Sunday, September 4, 2016
2016, Nakhon Phanom, Thailand. I open my eyes and look in to the mirror. The barber had done exactly what I had not wanted done. Before sitting on the chair, I had explained to him with sign language that only the hair around the ears were to be trimmed, leaving the rest as is; he did not understand English, and I do not speak Thai. Fait accompli. I gave him a smile, paid him his dues, and walked out of the shop, not particularly happy. On the way to the hotel I rationalized that I had to look at my face only while combing my hair, whereas the others looked at it throughout the day. So, it was now their problem, and not mine or the barber’s. I generally have a haircut once in every 3 – 4 weeks; a habit from my Air Force days.
Most of my service life while serving across India, I had no problems, as every barber knew the standard haircut, as per regulations; the hair around the ears should not curl up around the peak cap, and the side lock not longer than 1/3rd from the top of the ear. It was only before, and after, my service career that I started to have an issue every time I moved to a new place, and until the barber got used to my style of haircut, which seemed outdated to most professionals of the ‘hair styling’ trade.
1969. I remember the day I landed up at the prestigious National Defence Academy (NDA). I remember paying off my cab, offloading my trunk, and thereafter being dispatched straight to the barber shop for a haircut. The barber knew exactly what had to be done; he did not ask me; there was no need to. As I got into senior terms the barber deferred a bit to my wishes but ensured that the haircut was within the regulations. In our final term most of us managed a decent but ‘acceptable regulation-wise’ haircut. This would not last.
Haircut NDA style.
Image: Courtesy: Google images
1972. The Chief Ground Instructor at Bidar greeted us on our first day with a barber in tow, and promptly cut us down to size by making sure that we forgot the ‘acceptable regulation-wise’ haircut in a hurry.
1989. After 3 weeks during my staff course in the US, I entered the barber shop for my haricut and found one vacant chair and a pretty female barber to attend to me. The chair was turned away from the mirror. While sitting down when I tried to move the chair to face the mirror my barber stopped me saying that it is she who needs to look out for my haircut, and not me.
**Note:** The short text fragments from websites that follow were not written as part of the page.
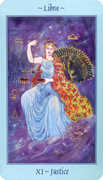Justice Tarot card in Celestial Tarot deck
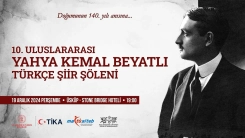 10. Uluslararası Yahya Kemal Beyatlı Türkçe şiir şöleni Üsküp'te düzenlenecek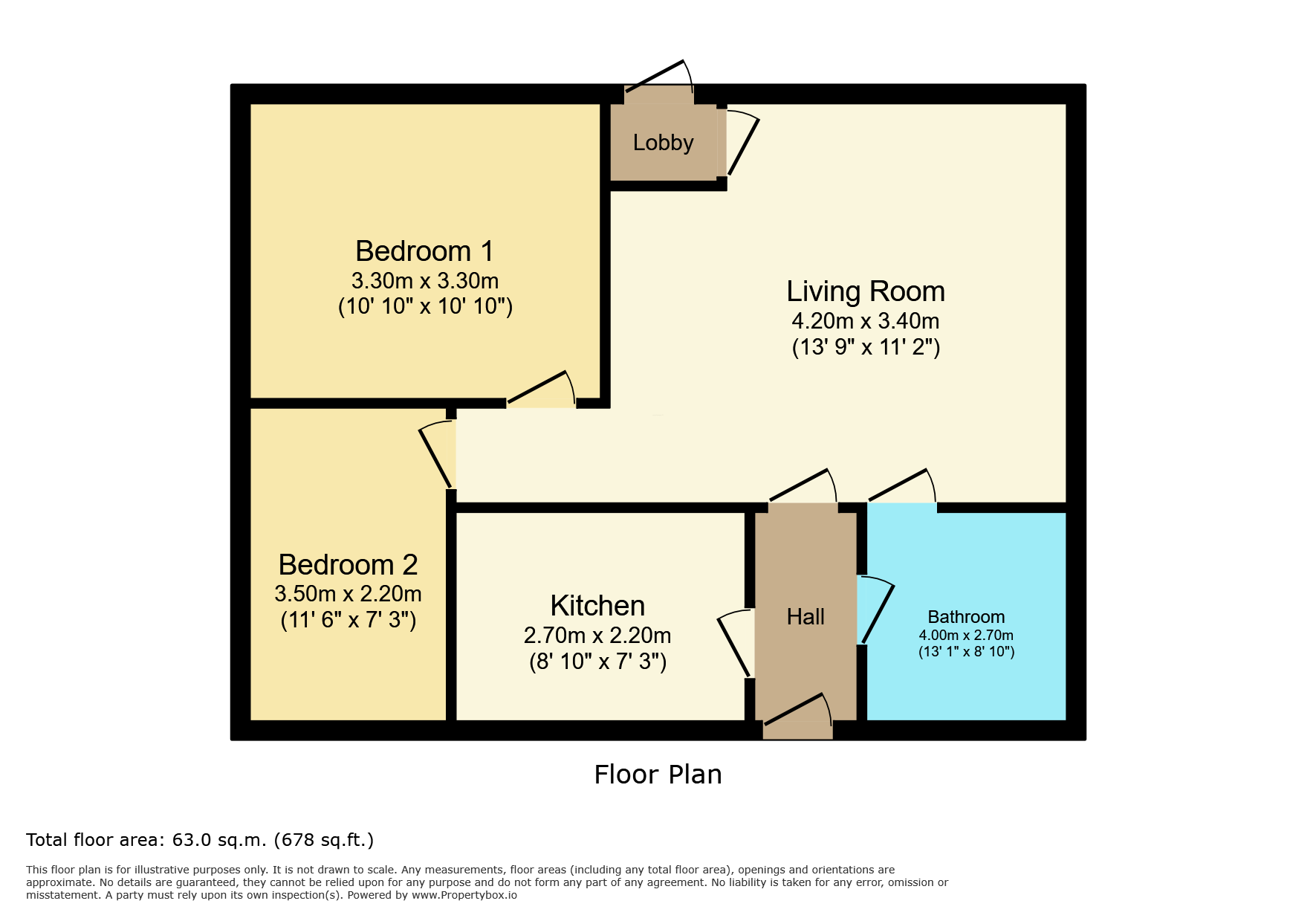 5, Engels Terrace, Stanley floorplan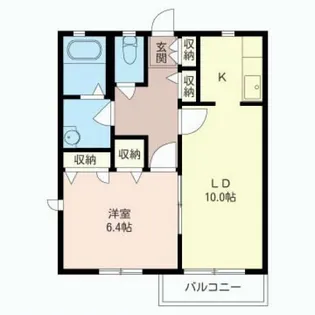 メゾン ディアス【1階】の間取り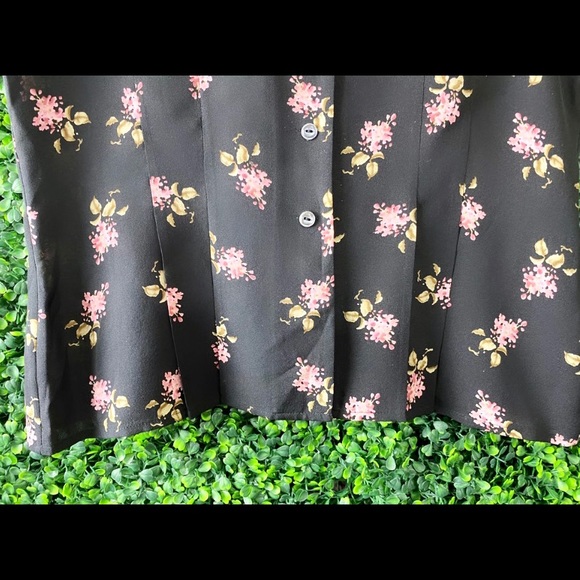 vintage 90’s Floral Jones New York blouse - Picture 5 of 8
So, two firsts for me - haircut by a female barber, and that too while looking away from the mirror, signifying that she had full control. I now realized that once you sit on the barber’s chair, you lose control. I believe, barbers are ordained by God to cut any one’s ego down to size in a jiffy.
2012. Retirement, and I decide to now stop colouring my hair. When and how? Everyone in India had seen me with black hair and I did not suddenly want to shock them with a grey outcrop. Our extended vacation to Toronto seemed the ideal place for this mission. Mission was accomplished as planned, on reaching there. Three days later I decided to visit my brother in New York. The officer at the border looked at my passport, looked up at me and continued the to and fro between me and my photograph in the passport. He finally says, ‘you do not look like this’. I replied, I just shaved off my head three days ago. He still looked quizzical and in two minds about letting me go across the border. Finally he said, ‘it’s all black in the photograph, and you are all grey’. I smiled and countered that ‘I used to colour them earlier, and now these are naturally coloured at 60 years of age’. I was lucky that day; he let me through. Hair I realized happen to be a part of our identity, and ego. No wonder the greatest offering that one can make at Tirupati is the human hair, or the alter ego.